***** SOURCE DATA

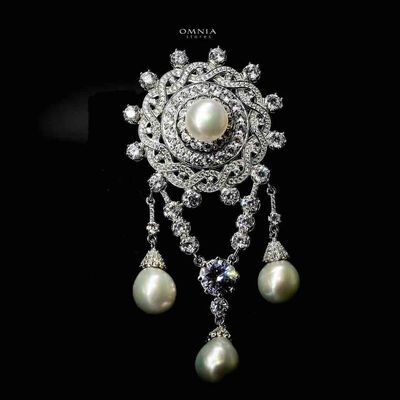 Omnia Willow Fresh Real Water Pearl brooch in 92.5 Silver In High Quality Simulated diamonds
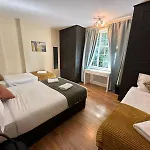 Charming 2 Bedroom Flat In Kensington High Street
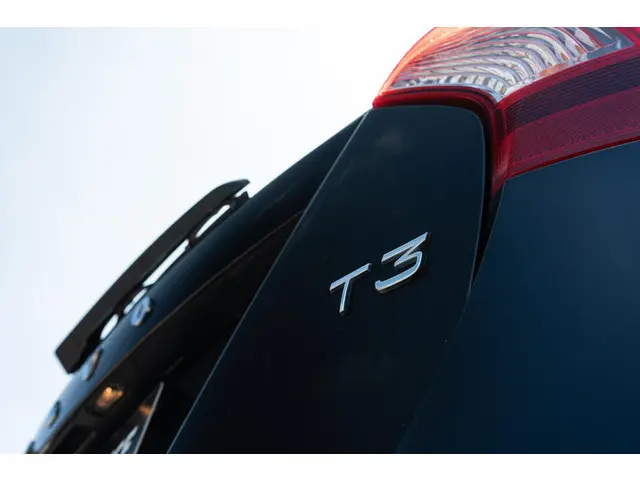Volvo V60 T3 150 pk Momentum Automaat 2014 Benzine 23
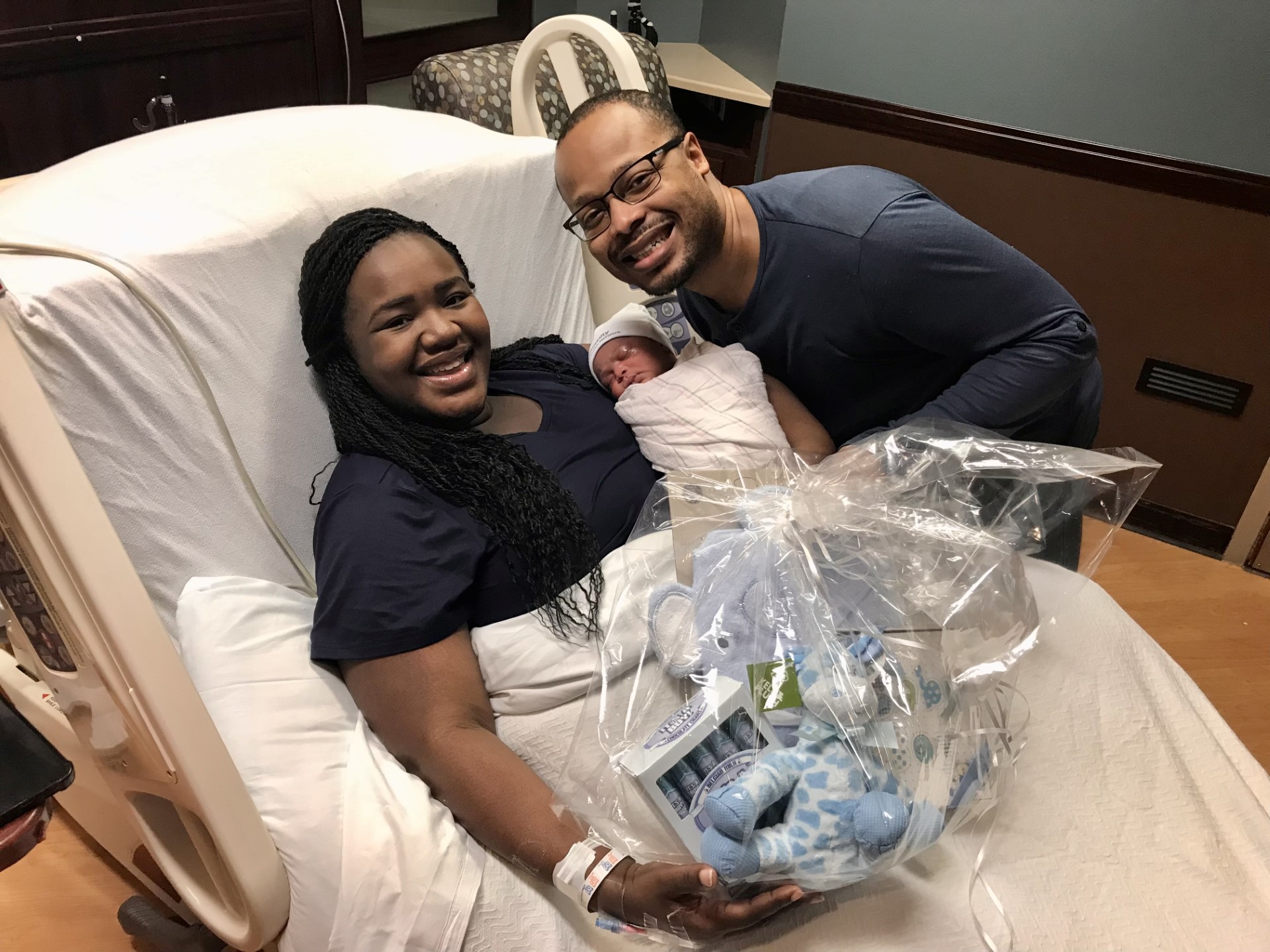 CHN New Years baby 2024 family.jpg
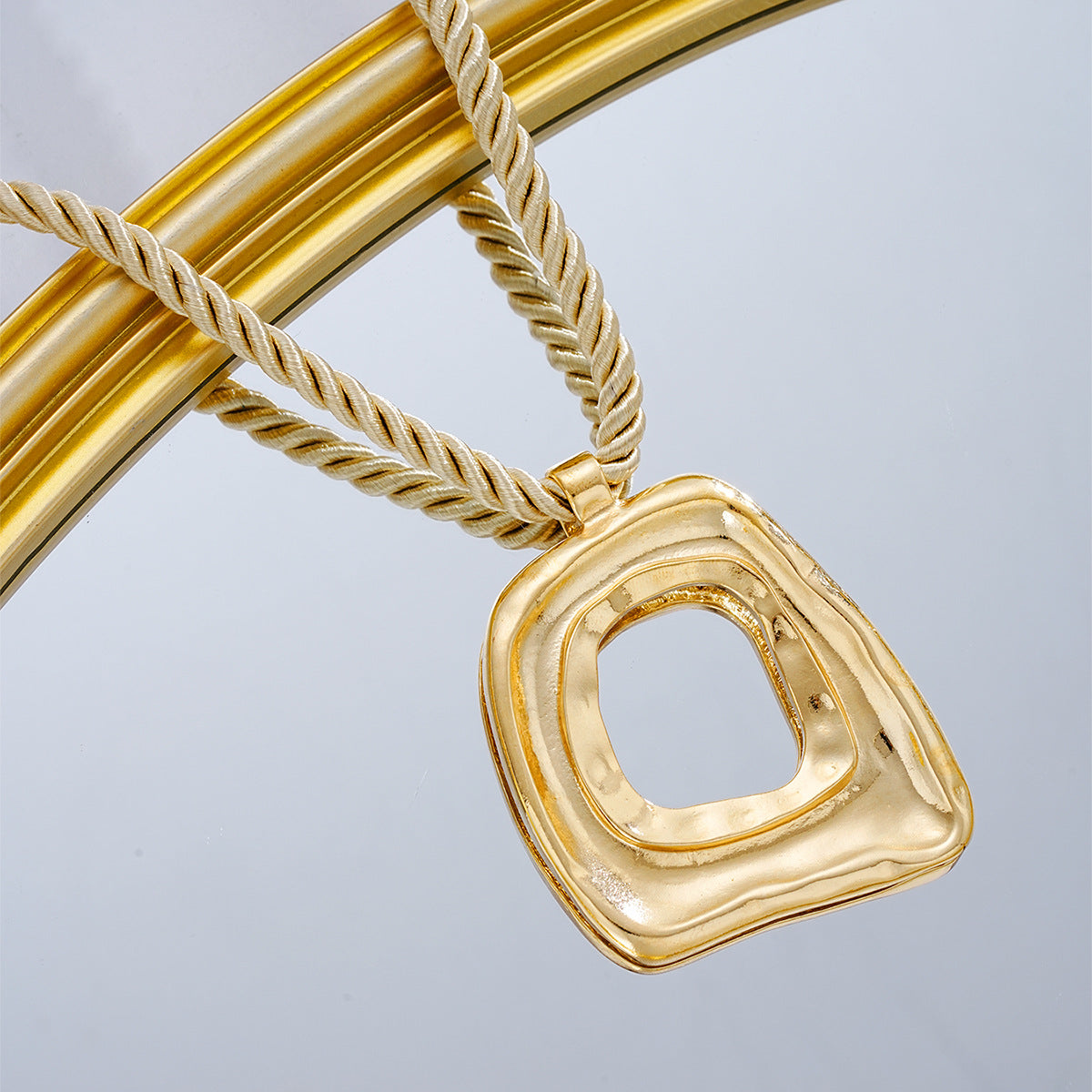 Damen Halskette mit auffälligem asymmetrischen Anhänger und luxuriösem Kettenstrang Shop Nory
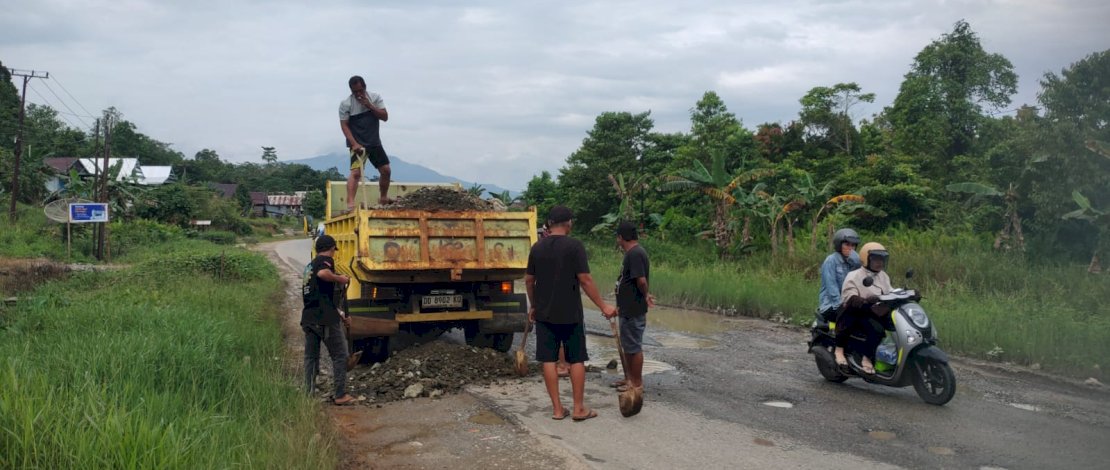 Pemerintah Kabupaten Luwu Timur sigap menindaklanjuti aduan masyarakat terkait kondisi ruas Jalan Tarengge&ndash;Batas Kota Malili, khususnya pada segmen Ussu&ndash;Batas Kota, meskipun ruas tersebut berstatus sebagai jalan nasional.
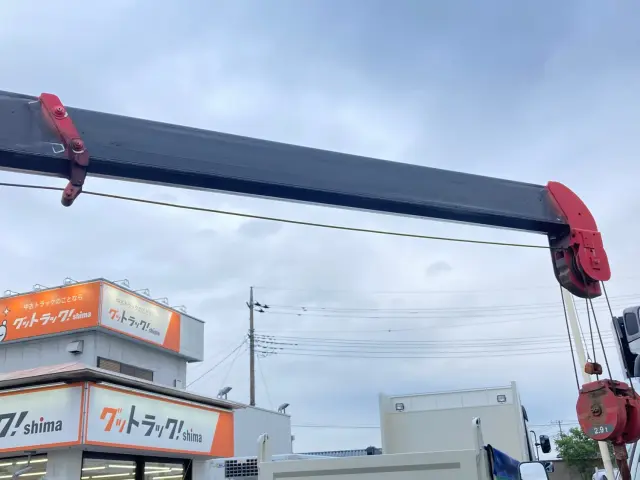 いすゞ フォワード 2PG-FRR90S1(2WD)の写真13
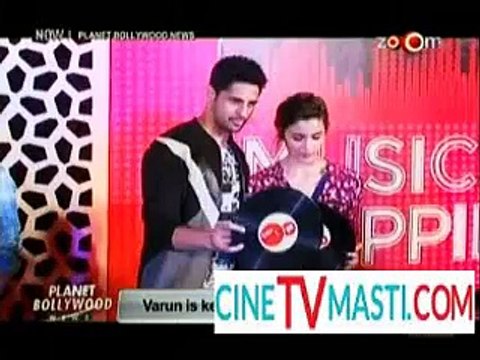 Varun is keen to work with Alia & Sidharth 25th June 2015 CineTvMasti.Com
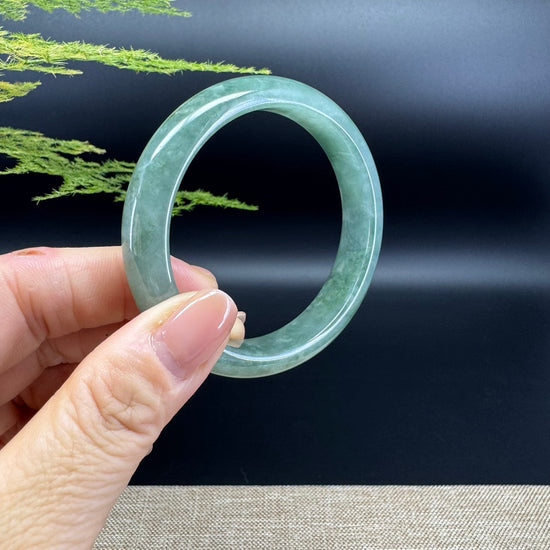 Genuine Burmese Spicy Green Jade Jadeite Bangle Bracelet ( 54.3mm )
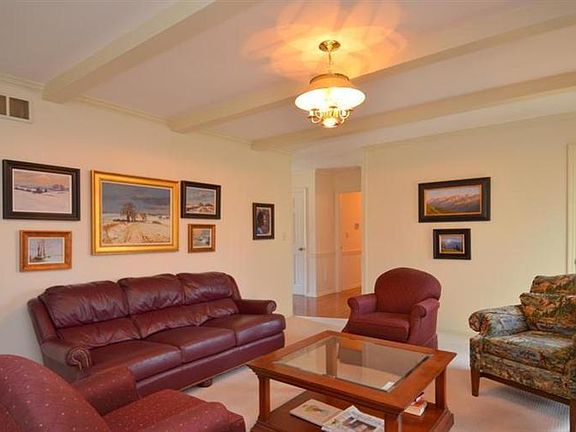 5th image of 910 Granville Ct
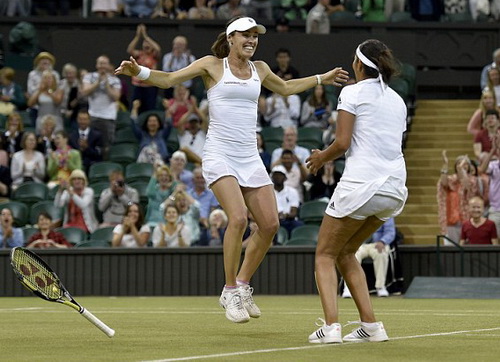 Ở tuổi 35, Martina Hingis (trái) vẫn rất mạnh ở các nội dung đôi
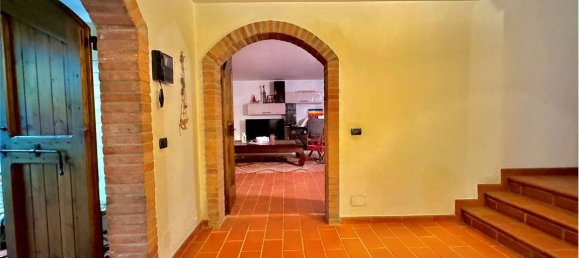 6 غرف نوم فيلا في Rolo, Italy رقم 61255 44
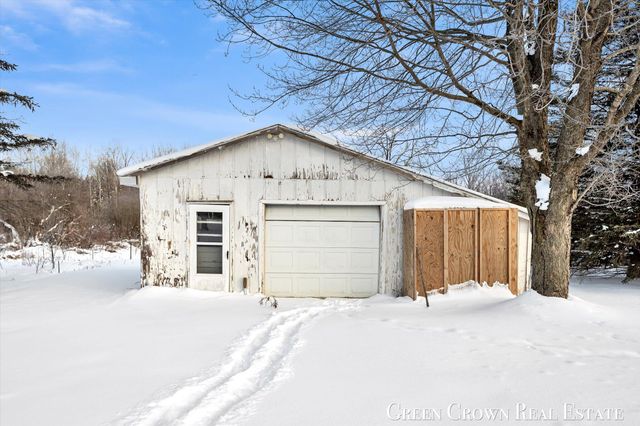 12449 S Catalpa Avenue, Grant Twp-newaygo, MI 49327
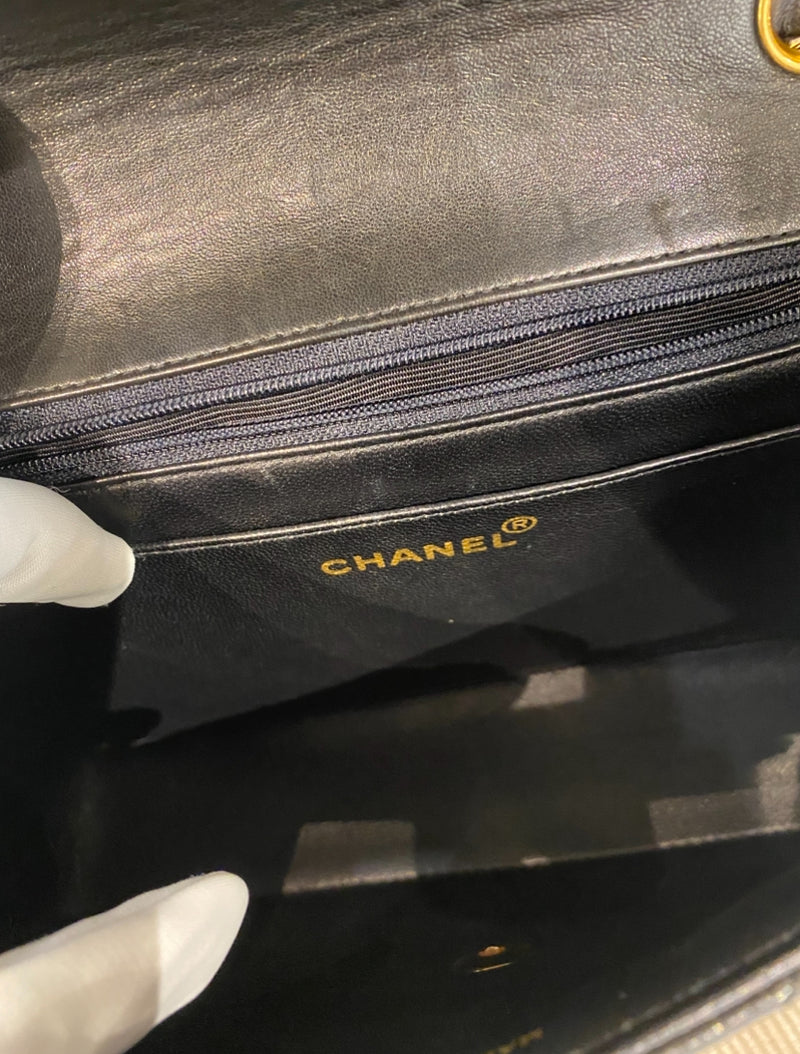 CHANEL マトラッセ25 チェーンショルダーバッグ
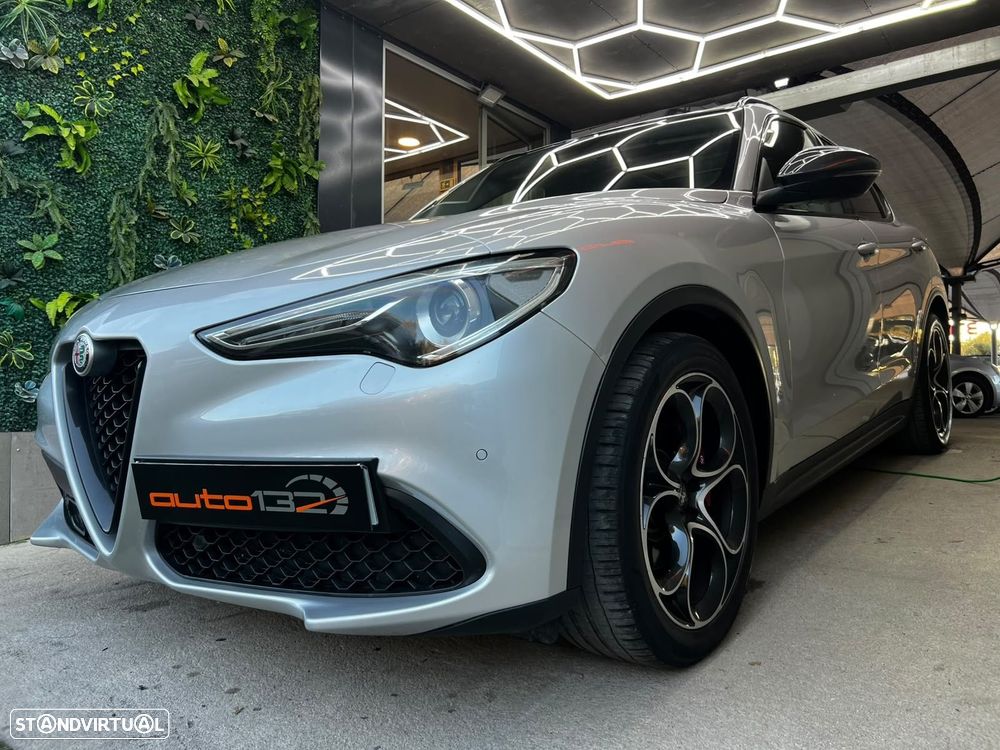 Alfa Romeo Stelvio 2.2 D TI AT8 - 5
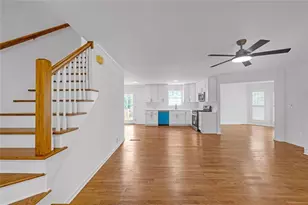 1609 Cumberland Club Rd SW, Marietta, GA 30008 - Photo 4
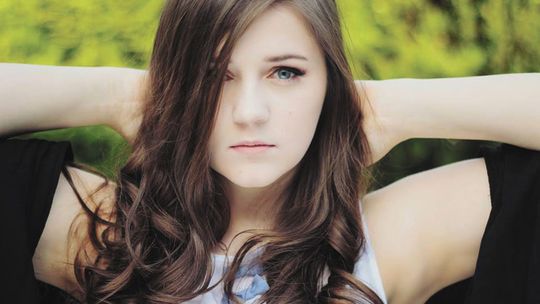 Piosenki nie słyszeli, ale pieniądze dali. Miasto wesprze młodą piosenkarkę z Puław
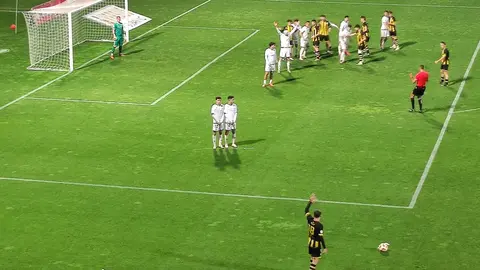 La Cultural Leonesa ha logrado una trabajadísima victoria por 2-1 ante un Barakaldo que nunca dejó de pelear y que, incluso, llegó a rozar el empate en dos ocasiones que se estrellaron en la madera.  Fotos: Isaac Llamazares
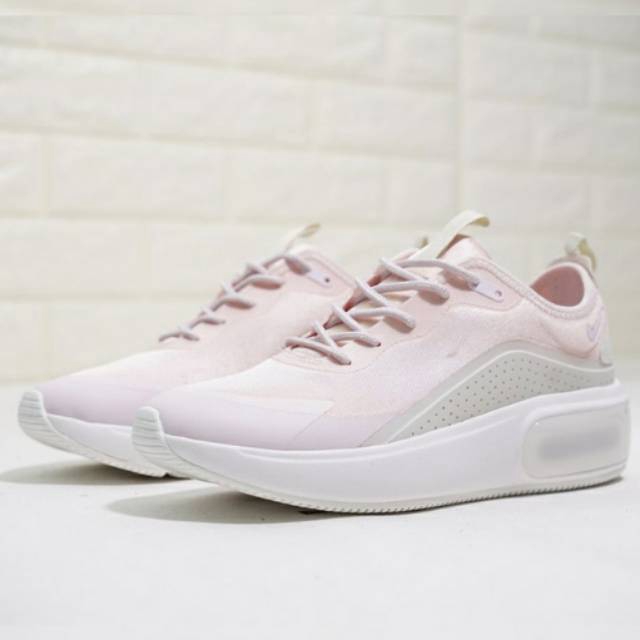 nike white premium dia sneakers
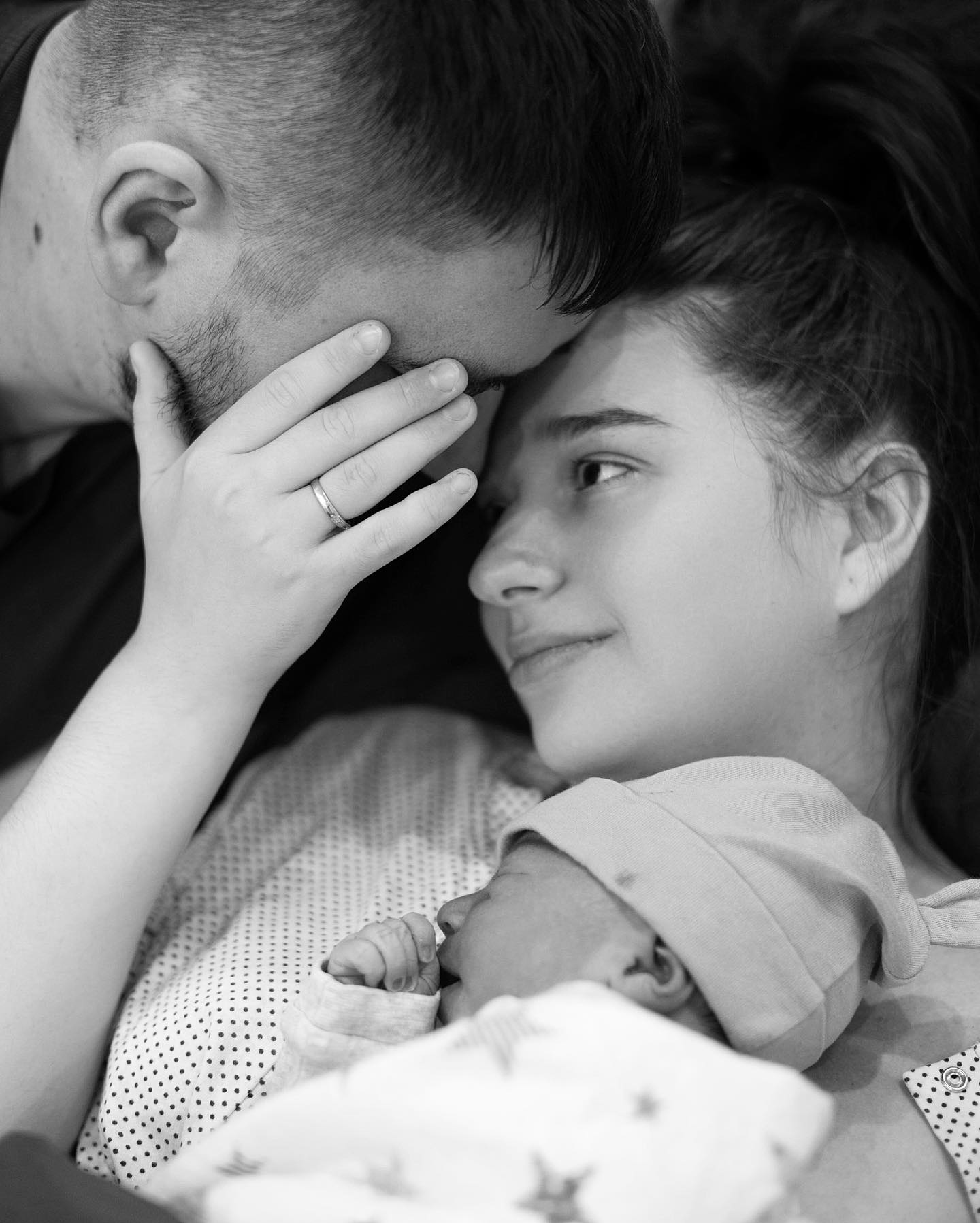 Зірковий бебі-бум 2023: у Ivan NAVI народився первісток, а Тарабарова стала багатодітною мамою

**********

PROBLEM DESCRIPTION
Copy word for word every line from the start of the material through the line holding "CHANEL マトラッセ25 チェーンショルダーバッグ". The pictures are not part of the copy.

TASK ANSWER
 Omnia Willow Fresh Real Water Pearl brooch in 92.5 Silver In High Quality Simulated diamonds
 Charming 2 Bedroom Flat In Kensington High Street
Volvo V60 T3 150 pk Momentum Automaat 2014 Benzine 23
 CHN New Years baby 2024 family.jpg
 Damen Halskette mit auffälligem asymmetrischen Anhänger und luxuriösem Kettenstrang Shop Nory
 Pemerintah Kabupaten Luwu Timur sigap menindaklanjuti aduan masyarakat terkait kondisi ruas Jalan Tarengge&ndash;Batas Kota Malili, khususnya pada segmen Ussu&ndash;Batas Kota, meskipun ruas tersebut berstatus sebagai jalan nasional.
 いすゞ フォワード 2PG-FRR90S1(2WD)の写真13
 Varun is keen to work with Alia & Sidharth 25th June 2015 CineTvMasti.Com
 Genuine Burmese Spicy Green Jade Jadeite Bangle Bracelet ( 54.3mm )
 5th image of 910 Granville Ct
 Ở tuổi 35, Martina Hingis (trái) vẫn rất mạnh ở các nội dung đôi
 6 غرف نوم فيلا في Rolo, Italy رقم 61255 44
 12449 S Catalpa Avenue, Grant Twp-newaygo, MI 49327
 CHANEL マトラッセ25 チェーンショルダーバッグ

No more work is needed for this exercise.